И когда нам однажды на завтрак, вместо опостылевшей манной каши принесли оладышки с ежевичным вареньем, мы воспрянули духом и разговорились друг с другом так, как будто были не просто отдыхающим одного и того же санатория, а друзьями с детства.
- А почему бы им не кормить нас таким чудным завтраком каждый день? – сказал мне Михаил Львович, с которым мы уже неделю жили в одном номере и в столовой сидели за одним столом, но ни разу не говорили по душам.
- А потому, уважаемый Михаил Львович, - ответил я ему, - что сварить манную кашу гораздо проще, чем испечь три сотни оладьей и собрать в лесу ежевику, растущую на колючих кустах, в которых любят прятаться змеи.
Мой собеседник рассмеялся и, когда мы вышли из столовой на аллею санаторного парка, сказал, удивив меня своей проницательностью:
- А я сразу догадался, что вы писатель. На людей вы смотрите, прошу прощения, как на подопытных кроликов, а когда кто-либо из соседей по столу говорит что-то любопытное или смешное, ваша рука сама собой тянется к внутреннему карману пиджака, где, как мне кажется, вы всегда носите авторучку и записную книжку. . Я угадал?
- Угадали, - пришлось признаться мне после таких явных доказательств моей принадлежности к писательскому классу. – Но я тоже могу сказать прямо сейчас , кто вы по профессии. Вы - снабженец, не так ли?
Михаил Львович смешно захлопал глазами, и растерянно спросил::
- А это откуда видно?
- Садясь за стол, вы смотрите на то, что на нем лежит со снисходительной усмешкой, мол, плохо работаете, уважаемые снабженцы санатория имени товарища Дзержинского, если не можете хоть один раз в день покормить нас черной икрой или хотя бы селедкой с луком. Когда вы берете рукой кусочек хлеба, вы слегка прижимаете его, чтобы определить, свежий он или нет. Хотя хлеба вы почти не едите..

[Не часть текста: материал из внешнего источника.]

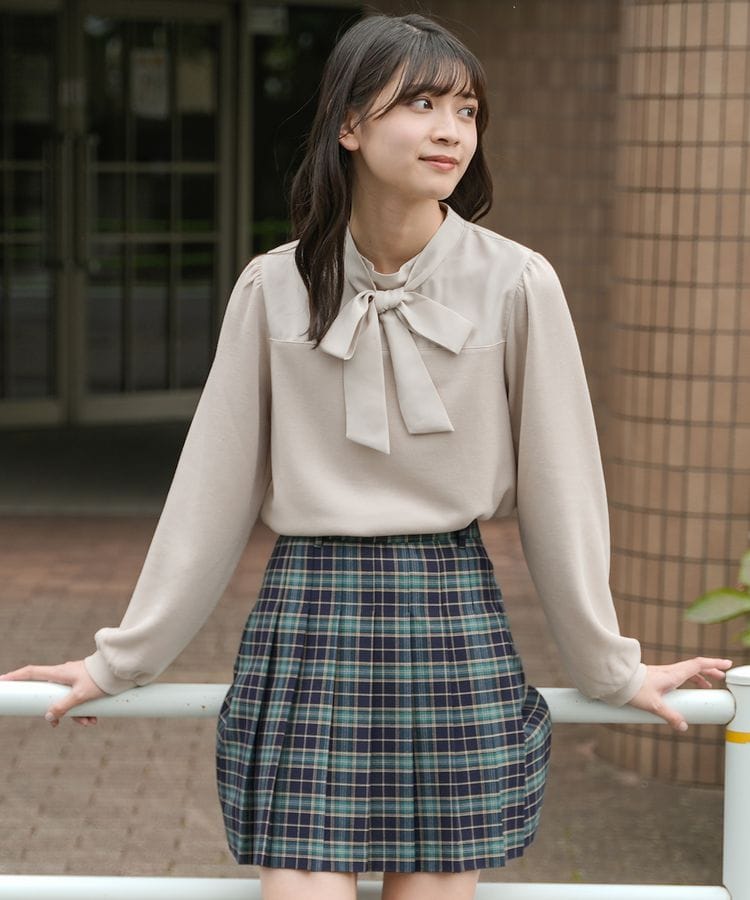 ハニーズ公式通販】リボン付トップス: トップス-Honeys Online Shop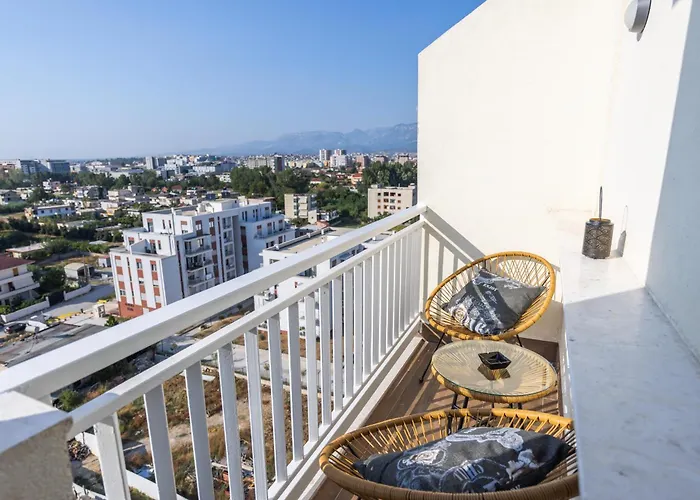 Appartement Luxury Rooftop In Astir *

Растерянность на его лице панически росла, но длилась она совсем не долго. Он вдруг гордо расправил свои старенькие плечи и вызывающе произнес
- Но зато вы никогда не угадаете, кем я был до того, как стал снабженцем.
- Вы были кассиром, - сказал я, почти уверенный в том, что угадал.

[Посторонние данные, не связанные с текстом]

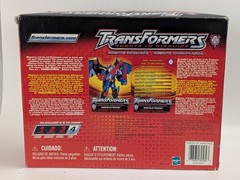 2001 Hasbro Transformers Megatron Ultra Dragon Sealed Robots in Disguise RID Sea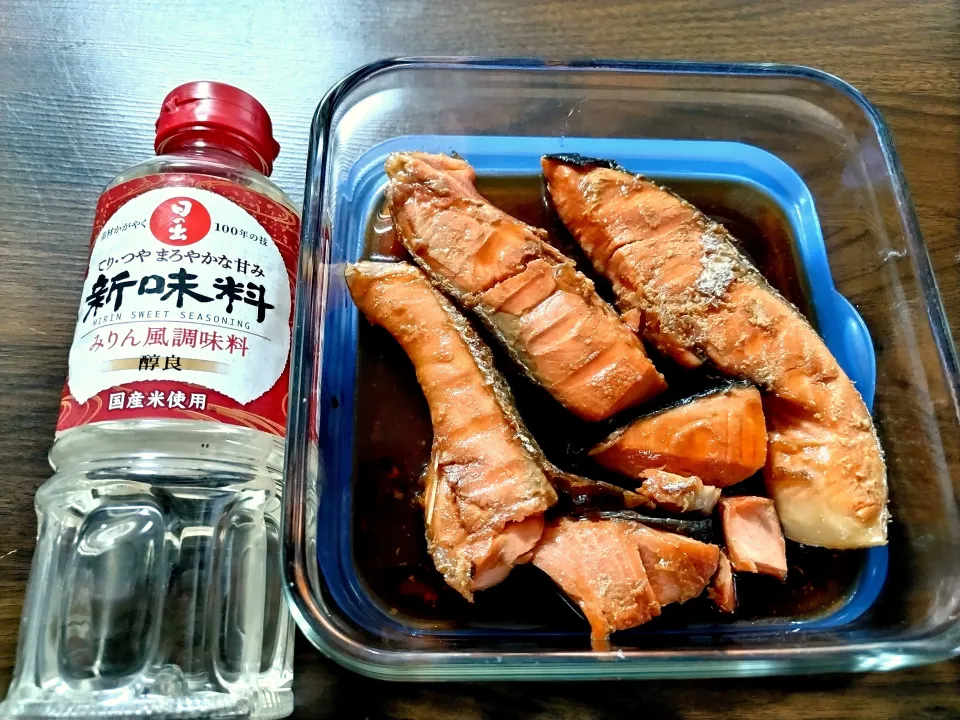 鮭の照焼き|vege食堂さん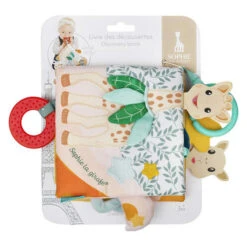 Livre Des Découvertes Sophie La Girafe - VULLI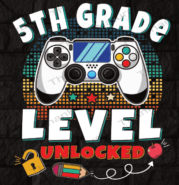 Gamer Level Unlocked - Back to School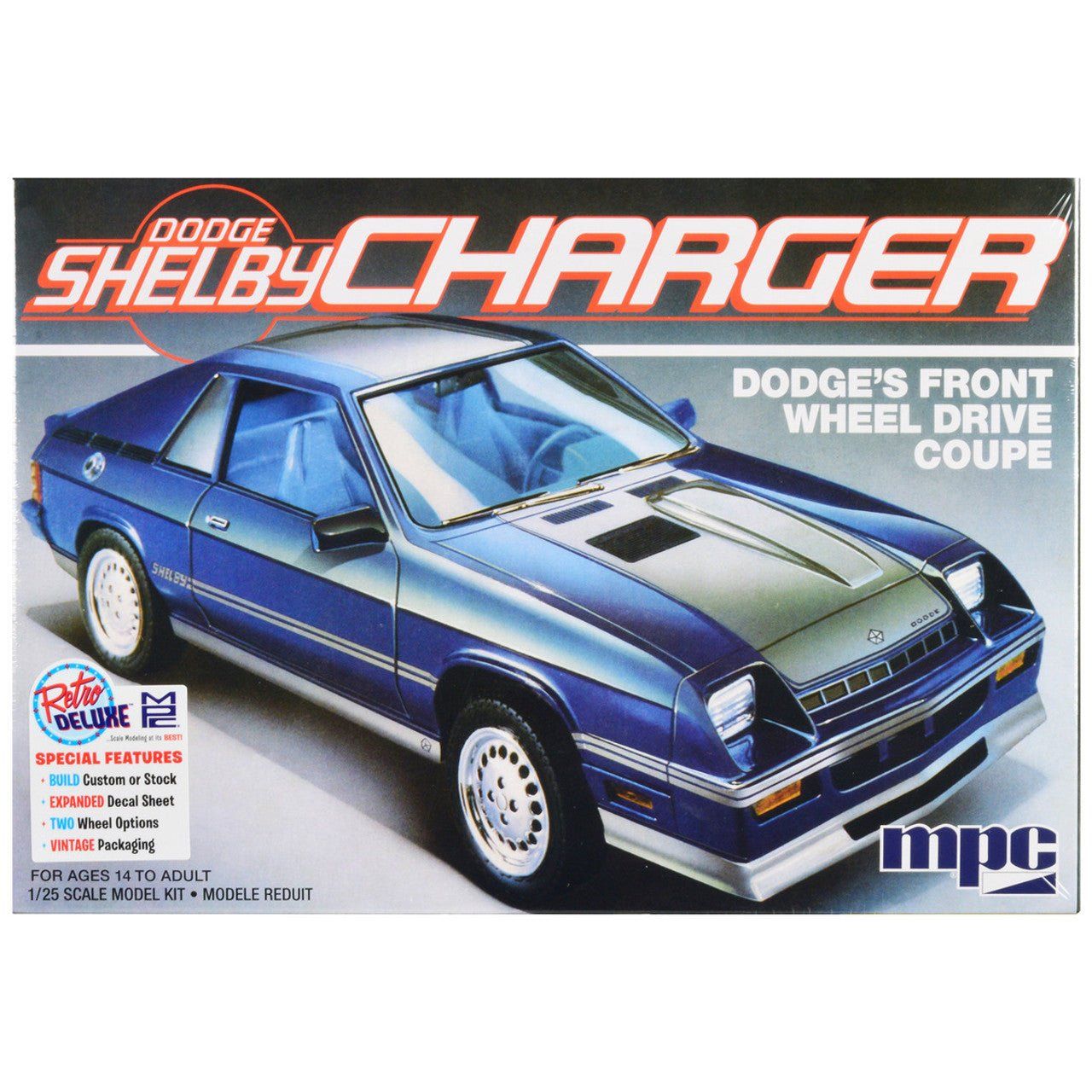 MPC 1986 DODGE SHELBY CHARGER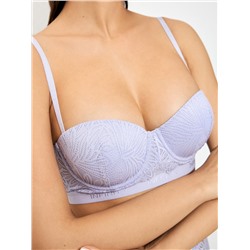Бюстгальтер Balconette жен. Niky голубой Infinity Lingerie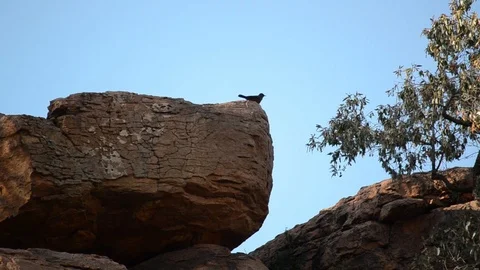 Manyana Rock Close up Video stock 91812142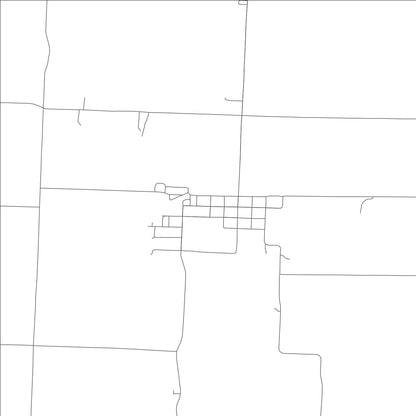 ROAD MAP OF MAYVIEW, MISSOURI BY MAPBAKES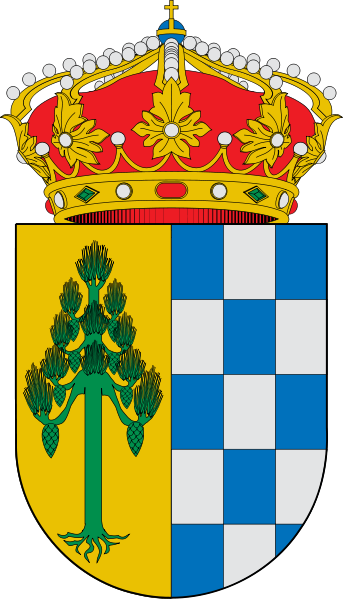 Escudo de Pinofranqueado/Arms of Pinofranqueado
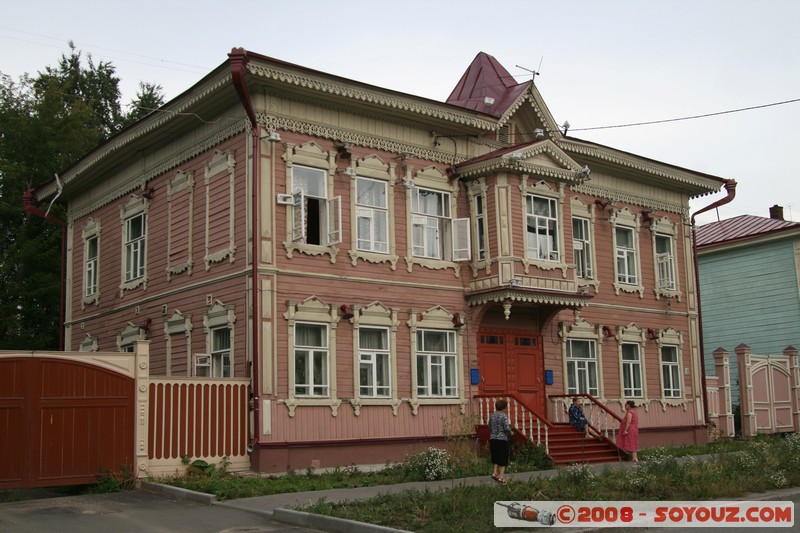 Tomsk - Maison en bois sur oul Dzerjinskovo
Mots-clés: Bois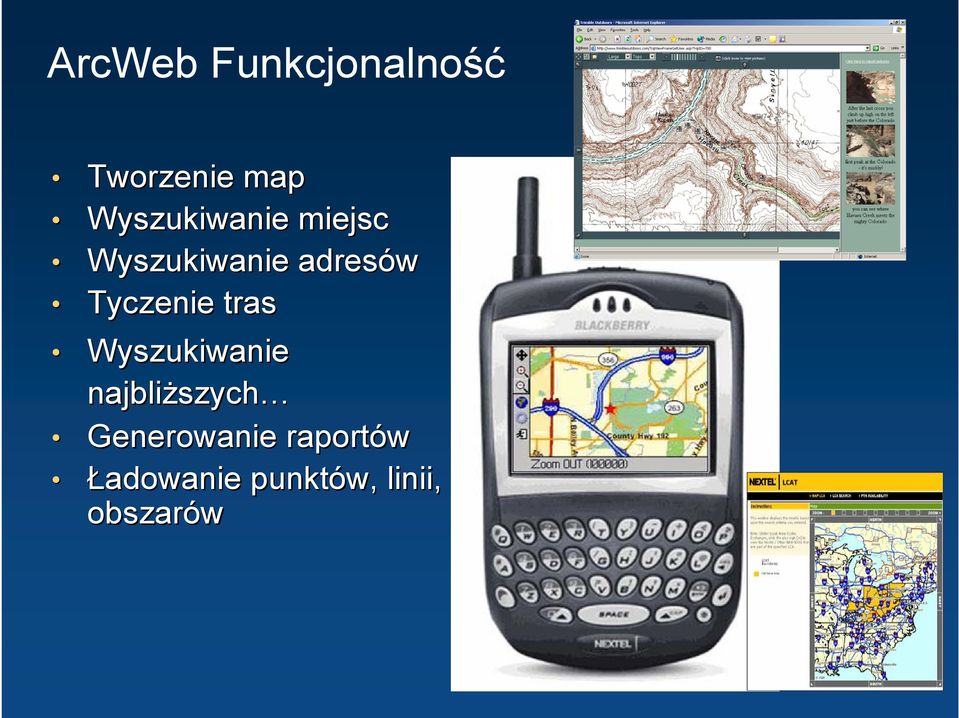 Tyczenie tras Wyszukiwanie najbliższych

- А вот и нет! – торжествующе воскликнул он. – Я был одесским вором! Хотите, я расскажу вам историю своей непростой жизни? Если вы напишите о ней роман или совсем маленький рассказик, то станете знаменитым, как Фёдор Достоевский.

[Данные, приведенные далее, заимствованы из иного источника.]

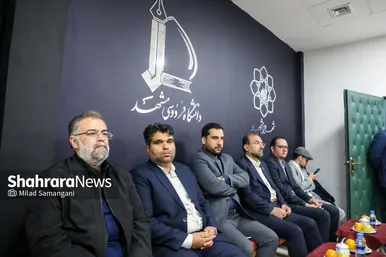 گزارش تصویری | آیین بهره‌برداری از کریدور نوآوری و هم‌افزایی خردشهر و افتتاح مرکز تعامل شهر و دانشگاه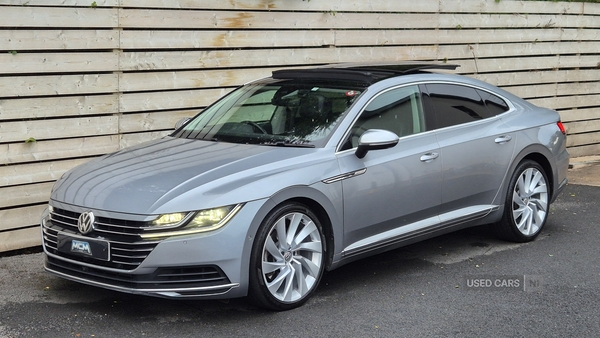 Volkswagen Arteon ELEGANCE 280BHP 4 MOTION in Antrim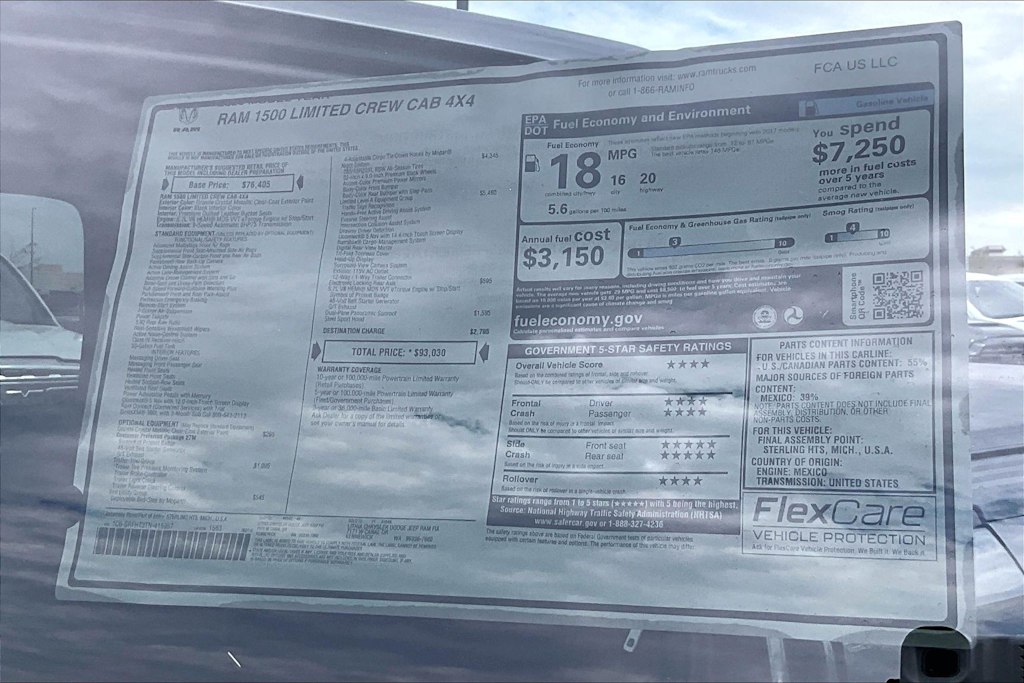 Thumbnail: 2026 RAM 1500 - 23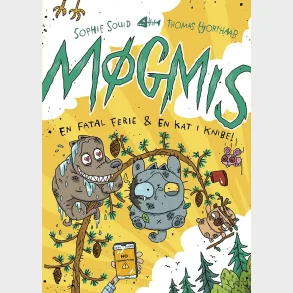 M�gmis 6: En fatal ferie & en kat i knibe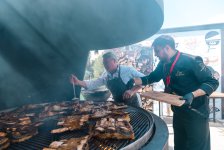 Şamaxıda Beynəlxalq Barbekü Festivalı keçirilir (FOTO)
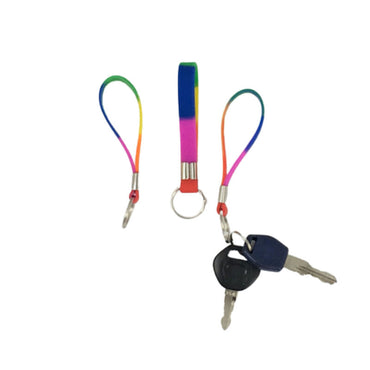 DelighToys - Pride – LGBT Flag Silicone Keychain by DelighToys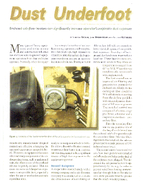 Dust Underfoot Enclosed CabFloor Heaters Can Significantly Increase Operators Respirable Dust Exposure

- Даже если такого не случится, - ответил я ему искренне, - я буду очень рад узнать, как одесский вор стал снабженцем. И обязательно напишу об этом рассказ, так как писать романы ещё не научился. Давайте присядем на той скамейке и пруда, и вы поведаете мне историю своей жизни. Только никому и никогда не говорите, что она была у вас непростой, ибо простой жизни не бывает.
Михаил Львович взглянул на меня, как смотрят эфиопы на колдуна, явившегося к ним с небес, и сказал:
- Вы по призванию – писатель, а по происхождению – дворянин. Я угадал?
- Почти угадали, - ответил я, присаживаясь на скамейку, согретую осенним солнцем. – Если забыть, что мой отец был паровозным машинистом, а мать – ткачихой с Трёхгорной мануфактуры. Итак…
- Итак, я был одесским вором, - торопливо начал свой рассказ Михаил Львович.- Но не просто вором, а главарем шайки, очень даже известной в том районе Одессы, который до сих пор зовётся Молдаванкой. И когда Иосиф Лёвкин начал много говорить и мало делать, а молодые ребята, стали слушать его , раскрыв рты, я сказал ему наедине:
- Знаешь, Ося, что бывает, когда в колоде появляется лишний туз? Наверняка, знаешь, потому что я сам был свидетелем, когда тебя били за шулерство. . Так вот я не хочу, чтобы такая свара началась в нашем сплоченном коллективе…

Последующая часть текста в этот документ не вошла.